Articles

Monogamy and polygyny

Monogamy and polygyny

Walter Scheidel

Princeton/Stanford Working Papers in Classics, January (2009)

Abstract

To a modern western audience, the fact that ancient Greeks and Romans were not supposed to be married to more than one person at any given time, nor even to cohabit with others alongside legal spouses, must seem perfectly ‘normal’. This may explain why this practice has received hardly any attention from historians of the classical world. Yet from a global, cross-cultural perspective, there is nothing ‘normal’ or unremarkable about this. Instead, until very recently, polygynous arrangements of marriage or cohabitation were the norm in world history, and strict monogamy remained an exception. Barely one in six of the 1,195 societies surveyed in the largest anthropological dataset have been classified as ‘monogamous’, while polygyny was frequently considered the preferred choice even if it failed to be common in practice (Gray (1998) 89-90, with Clark (1998)).

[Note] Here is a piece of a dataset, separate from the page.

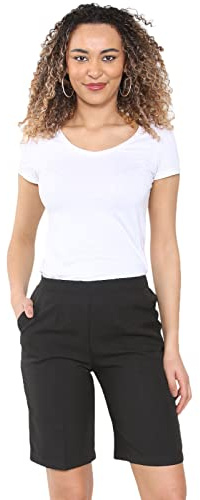 MyShoeStore Ladies Womens 3/4 Three Quarter Half Elasticated Trouser Plain Capri Cropped Stretch Trousers Plain ¾ Length Pants Summer Shorts Plus Big Sizes 10 to 24 (Plain Shorts Black, 18)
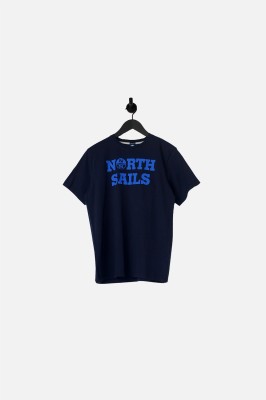 Granatowy t-shirt nadruk (M)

Smaller samples of better documented societies convey a similar picture, and while ‘monogamy’ is observed in a small proportion of all cases (16-20% in samples of 348 and 862 systems: Murdock (1967); Burton et al. (1996)), due to their failure to distinguish between rare instances of polygamy and its formal prohibition these surveys tend to overestimate the actual incidence of strictly monogamous rules. In fact, although the nature of the evidence does not allow us to rule out the existence of strictly monogamous systems prior to the first millennium BCE, the earliest unequivocal documentation originates from the archaic Greek and early Roman periods. Thus, even though Greeks and Romans need not have been the first cultures to prescribe monogamy, these are the earliest securely attested cases and, moreover, established a paradigm for subsequent periods that eventually attained global dominance. In this sense, Greco-Roman monogamy may well be the single most important phenomenon of ancient history that has remained widely unrecognized. What is more, the global positive correlation between patricentric kinship systems and polygyny (Burton et al. (1996) 93-4) renders the emergence of prescriptive monogamy in the patricentric societies of Greece and Rome even more remarkable.